> [Exercise]: Locate the line that contains "it'll automatically check". Retype it and every line after it to the end of the records, exactly, but not the pictures.

►

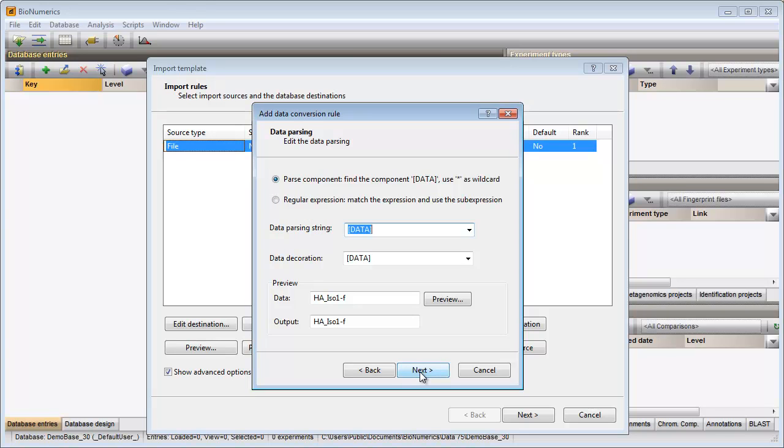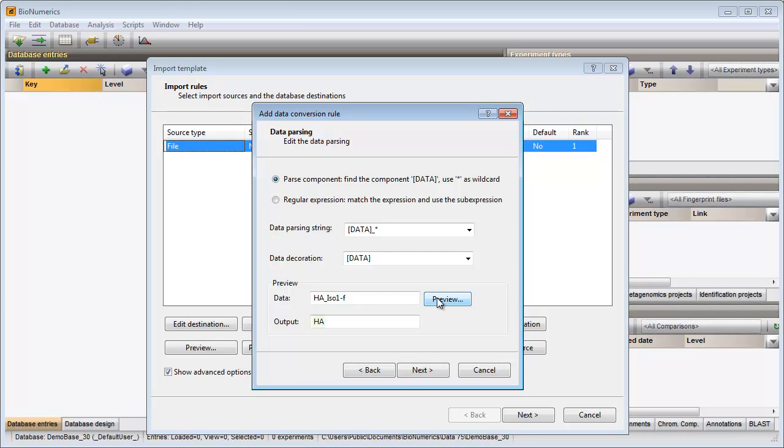The text appearing before the underscore contains the sequence name, so I specify this parsing string. The preview shows me that the correct part of the file names is linked to the sequence experiment name.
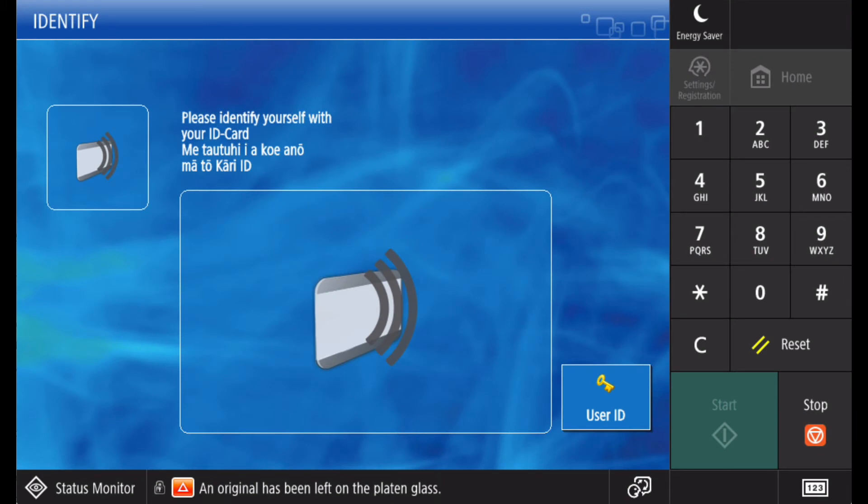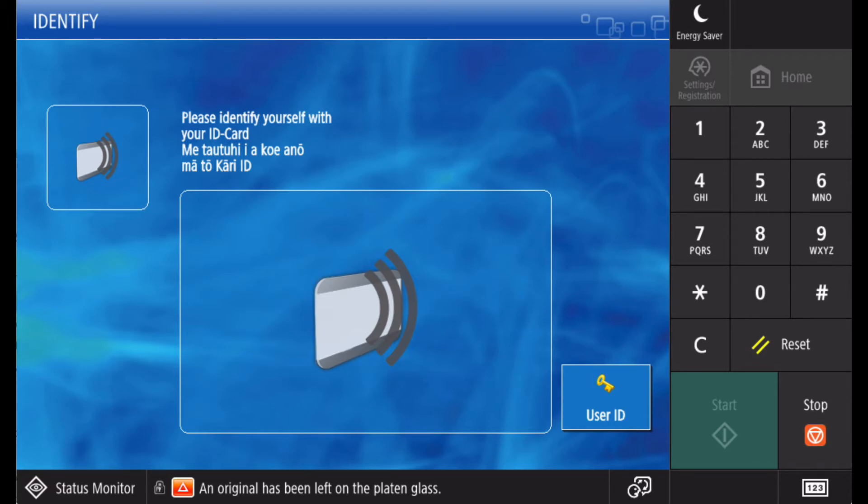If your device is fitted with UniFlow scanning, then you have a highly configurable scanning solution allowing you to scan to many destinations including basic output to email and folder, as well as more complex output destinations such as document management solutions complete with OCR and metadata.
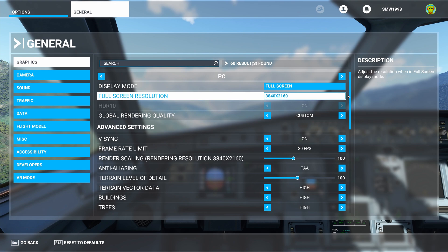You might also want to look for a setting called DLSS or AMD's FidelityFX Super Resolution or whatever they end up calling it as it's not yet released. These settings use super sampling to upscale the resolution of the game. This will allow you to effectively run the game at a lower resolution without much visual difference. The savings in performance will allow you to increase the quality of some of the effects in the game.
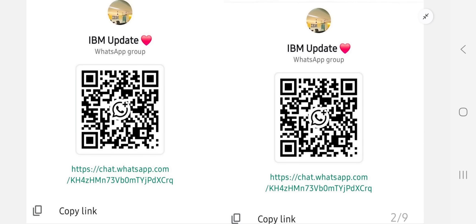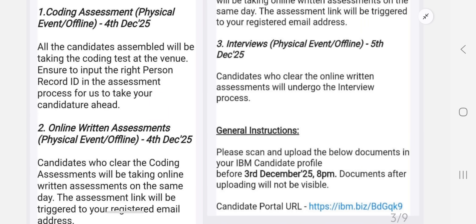You can join the IBM update group. If any updates or questions are there, we can directly share them in this group. You can scan the QR or use the link in the description and comment section to join the group.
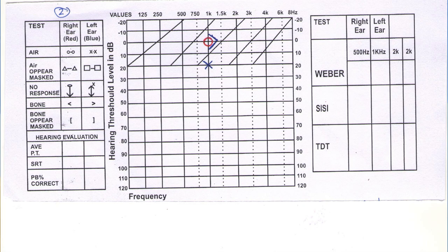In the above case, the unmasked bone conduction threshold was obtained with the bone conductor on the left mastoid, but it could have been heard by the right cochlea. Therefore, masking must be applied to the right ear and the left bone conduction threshold retested. When deciding whether to mask bone conduction thresholds, it is helpful to remember why we carry out bone conduction testing — to determine whether a loss is conductive or sensorineural. We therefore look at the air-bone gap in the test ear.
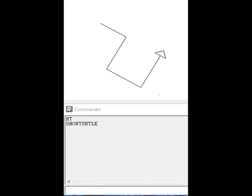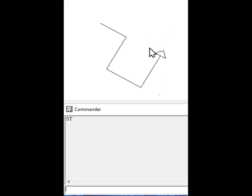You can also type st — st is the short form of showturtle. So I just type st and press Enter. You can see the turtle appears here in the picture. In this manner you can show your turtle in MSW Logo.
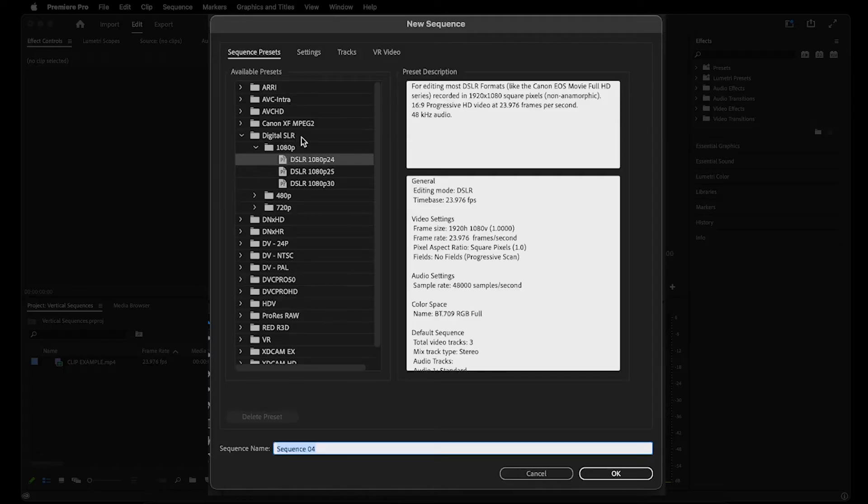From here, make sure you're in the digital SLR folder, and for this example, we'll choose 1080p24 since I shoot all my videos in 24fps.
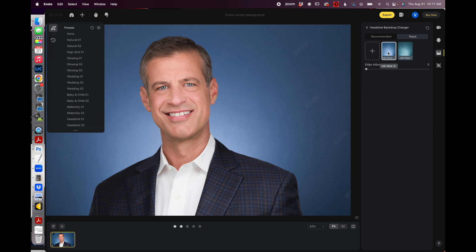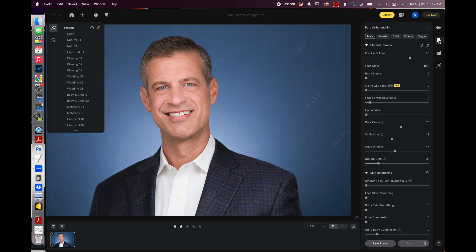And not only did it help me with doing all the different background stuff, it also helped me in retouching all the elements on his face — whitening teeth, making sure blemishes are removed, anything like that. It's all covered. So if you haven't tried Evoto out already, I highly recommend you do. There's a link right to it down in the description for 30 free credits for you to try this out on your own and see just how transformative it is to your workflow.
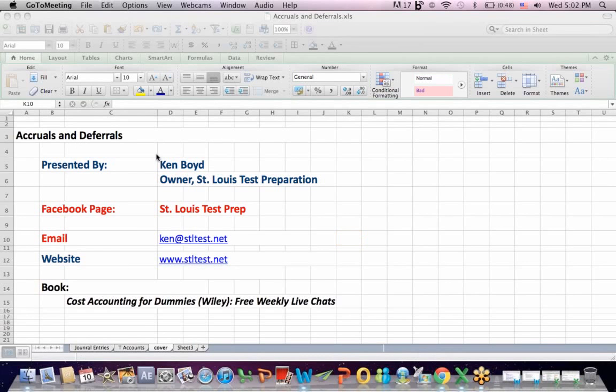Financial Accounting Accruals and Deferrals. This is Ken Boyd, the owner of St. Louis Test Preparation. Here's our Facebook page, St. Louis Test Prep, the email and the website, and the book, Cost Accounting for Dummies, that we teach in a free weekly live chat.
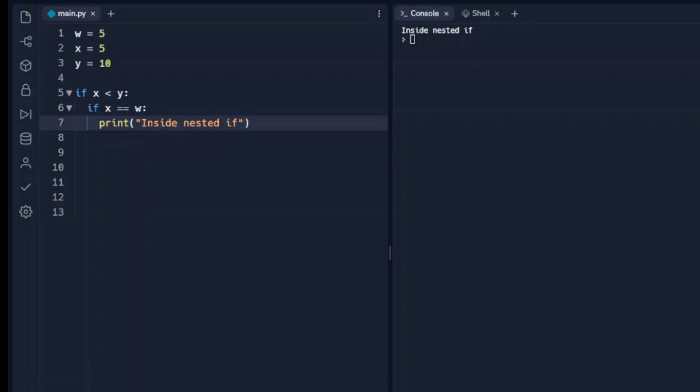So that's if statements in a nutshell. If statements are very powerful and can be used in a lot of different ways — they are used all the time in programming.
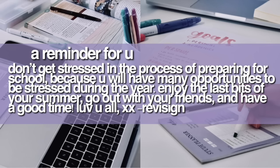Lastly, I just wanted to pop in for a little reminder that you shouldn't get stressed in the process of getting ready for school because you will have so many opportunities to be stressed during the school year. Instead, focus on spending some quality time with your family, go out with your friends, and have a fun time.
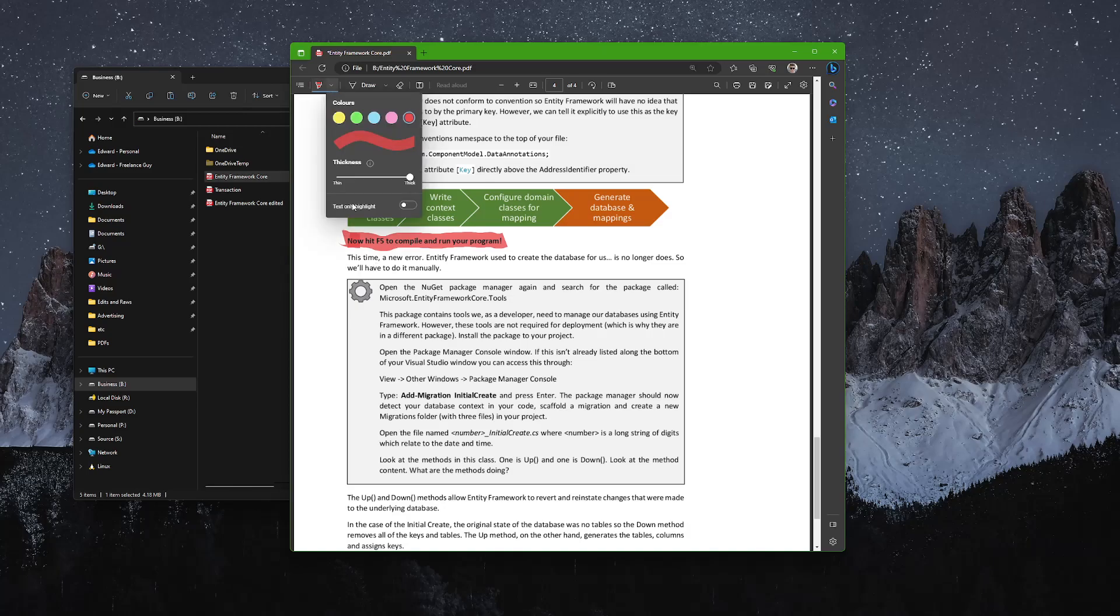When using the highlighter option, there is a text-only highlighting option which you may think is more appropriate. I prefer just to freestyle it—it's more like a normal highlighter really. But you know, you're more than welcome to experiment with that.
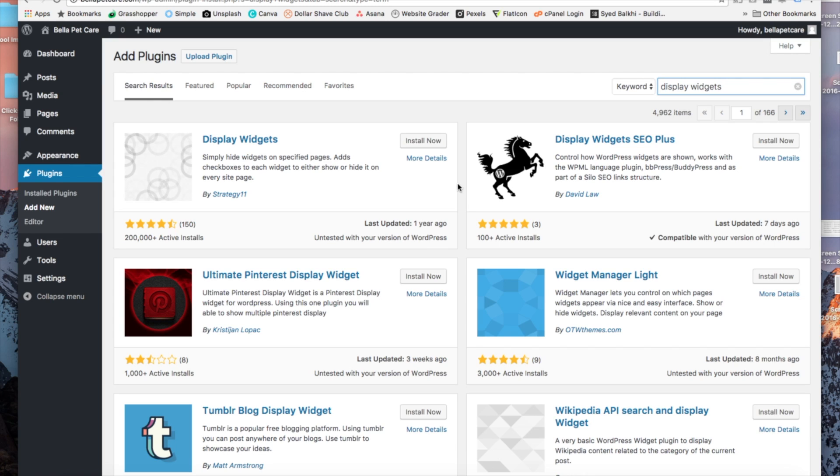As you can see here, it's going to be the first plugin option. We want to go ahead and click install.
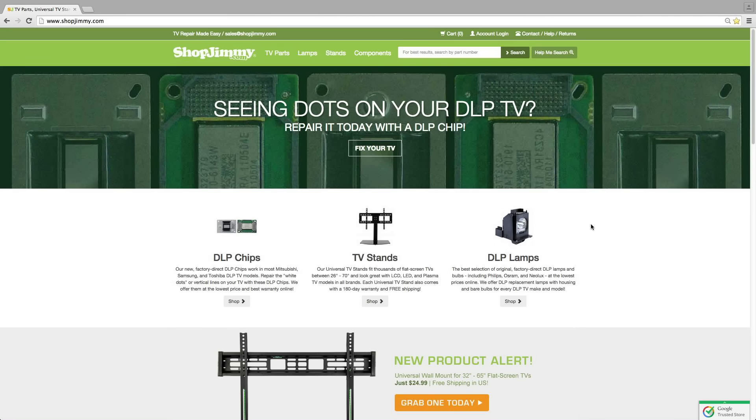Click the annotation link in this video to go to another video showing how to find your TV model number. After finding your TV model number, you can search it on our website to find a replacement DLP chip.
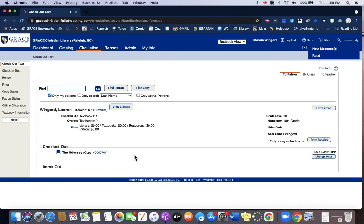it'll automatically check that book out to the student and you'll note that the due date is the end of this school year, about a week before the last day of school.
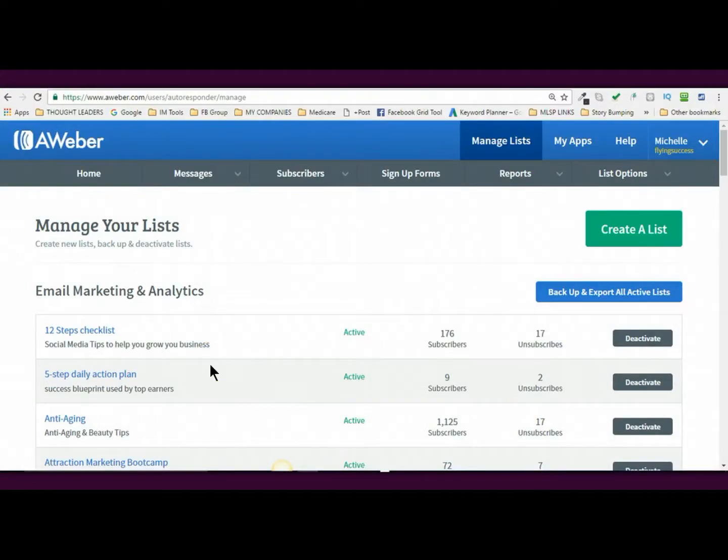Hello, hello, hello, it's Michelle from OnlineWithMichelle.com and in this video, I'm going to show you how to create your list where you are going to create a lead magnet and I'm using Aweber.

◄

> [Final answer]:
it'll automatically check that book out to the student and you'll note that the due date is the end of this school year, about a week before the last day of school.
Hello, hello, hello, it's Michelle from OnlineWithMichelle.com and in this video, I'm going to show you how to create your list where you are going to create a lead magnet and I'm using Aweber.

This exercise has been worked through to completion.